Entries taken from a collection
++++++++++++++++++++
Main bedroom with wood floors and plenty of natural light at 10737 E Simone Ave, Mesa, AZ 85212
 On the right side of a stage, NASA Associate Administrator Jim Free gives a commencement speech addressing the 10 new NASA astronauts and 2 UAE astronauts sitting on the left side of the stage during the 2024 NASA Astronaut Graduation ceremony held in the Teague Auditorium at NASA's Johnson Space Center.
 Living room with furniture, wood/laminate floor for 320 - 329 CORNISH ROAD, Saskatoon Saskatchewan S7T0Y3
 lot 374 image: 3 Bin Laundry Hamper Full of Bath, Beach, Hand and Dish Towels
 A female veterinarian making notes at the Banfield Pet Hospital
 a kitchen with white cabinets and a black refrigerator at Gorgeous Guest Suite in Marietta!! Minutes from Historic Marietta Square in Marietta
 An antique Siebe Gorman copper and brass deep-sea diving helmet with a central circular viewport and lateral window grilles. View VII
++++++++++++++++++++
## Work instructions
What is needed here is an exact copy of all the records above.

## Task result
Main bedroom with wood floors and plenty of natural light at 10737 E Simone Ave, Mesa, AZ 85212
 On the right side of a stage, NASA Associate Administrator Jim Free gives a commencement speech addressing the 10 new NASA astronauts and 2 UAE astronauts sitting on the left side of the stage during the 2024 NASA Astronaut Graduation ceremony held in the Teague Auditorium at NASA's Johnson Space Center.
 Living room with furniture, wood/laminate floor for 320 - 329 CORNISH ROAD, Saskatoon Saskatchewan S7T0Y3
 lot 374 image: 3 Bin Laundry Hamper Full of Bath, Beach, Hand and Dish Towels
 A female veterinarian making notes at the Banfield Pet Hospital
 a kitchen with white cabinets and a black refrigerator at Gorgeous Guest Suite in Marietta!! Minutes from Historic Marietta Square in Marietta
 An antique Siebe Gorman copper and brass deep-sea diving helmet with a central circular viewport and lateral window grilles. View VII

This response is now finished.